EU security research has been criticised by civil society and human rights organisations ever since it was launched. The opening up of research and binding ethical standards were meant to bring improvement. At the same time, however, it is increasingly being steered and controlled by the interests of the security authorities – mediated by the growing role of EU home affairs agencies. In the process, fundamental and human rights are being marginalised.

Security research for the police. New surveillance technologies and „accompanying research“
by Clemens Arzt, Jessica Heesen, Viktoria Rappold and Susanne Schuster

Civilian „security research“ itself contributes in a circular way to the definition of what is considered a security-relevant problem and what measures can be used to counter this problem. The relevant German federal and EU framework programmes primarily promote the development of new technologies for police measures. This article addresses the role, limitations, potentials and risks of ethical, social and jurisprudential participation in this research within the framework of „sub-projects“ or „accompanying research“.

What does the security market offer? A digital trade fair visit
by Norbert Pütter

For police forces, too, technical progress is taking place primarily in the field of digitalisation, which is reaching almost all areas of criminalistic work in small steps. New instruments and procedures are available on a global market that is aimed equally at police forces, secret services and the military. The increased surveillance options are being protected by claims of commercial confidentiality; it is largely unclear to what extent the tools are being utilised and by whom.

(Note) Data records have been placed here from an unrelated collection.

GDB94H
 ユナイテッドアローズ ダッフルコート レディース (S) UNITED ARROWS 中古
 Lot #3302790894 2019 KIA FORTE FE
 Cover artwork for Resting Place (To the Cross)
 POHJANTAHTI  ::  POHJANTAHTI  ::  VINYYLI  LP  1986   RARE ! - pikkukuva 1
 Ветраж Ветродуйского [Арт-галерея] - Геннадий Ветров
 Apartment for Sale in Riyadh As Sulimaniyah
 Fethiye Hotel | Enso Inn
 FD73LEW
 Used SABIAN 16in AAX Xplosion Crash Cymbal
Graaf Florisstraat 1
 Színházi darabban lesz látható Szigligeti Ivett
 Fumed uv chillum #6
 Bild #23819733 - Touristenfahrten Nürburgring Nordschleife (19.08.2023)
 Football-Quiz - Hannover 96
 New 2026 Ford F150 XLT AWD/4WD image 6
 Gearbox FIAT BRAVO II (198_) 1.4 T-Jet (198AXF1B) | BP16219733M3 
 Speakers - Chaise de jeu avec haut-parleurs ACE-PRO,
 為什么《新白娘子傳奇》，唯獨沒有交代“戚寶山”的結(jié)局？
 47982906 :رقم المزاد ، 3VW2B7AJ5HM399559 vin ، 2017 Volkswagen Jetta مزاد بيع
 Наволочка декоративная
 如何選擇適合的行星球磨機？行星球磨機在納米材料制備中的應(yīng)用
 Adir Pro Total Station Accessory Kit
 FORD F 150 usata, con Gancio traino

Dealing with allegations. Police reactions to accusations
by Riccarda Gattinger

The police usually reacts to accusations in two ways: with defensive or protective reactions. This is the result of a systematic study of magazines published by various German police unions. Both forms of reaction convey feelings of cohesion and belonging and thus have an identity-building effect.

Racist profiling in St. Pauli. Report on a collaborative neighbourhood research project
by Simone Borgstede, Steffen Jörg, Moana Kahrmann, Efthimia Panagiotidis, Rasmus Rienecker and Sabine Stövesand

In recent years, there has been an increasing number of reports from the St Pauli district of Hamburg criticising the presence and proceedings of the police. In response to this, a team of researchers from HAW Hamburg, employees of GWA St. Pauli e. V. and committed residents have conducted, documented and analysed numerous interviews and observations since 2021 as part of collaborative neighbourhood research. The focus was on questions about how residents and those affected experience and assess the situation.

Confiscation of research data. On a decision of the Federal Constitutional Court
by Helmut Pollähne

The German Federal Constitutional Court has rejected the constitutional complaint of a legal-psychologistic criminologist from the University of Erlangen-Nuremberg as inadmissible, but ultimately ruled in his favour on the merits. He had objected to the Munich prosecution authorities seizing confidential data from a research project.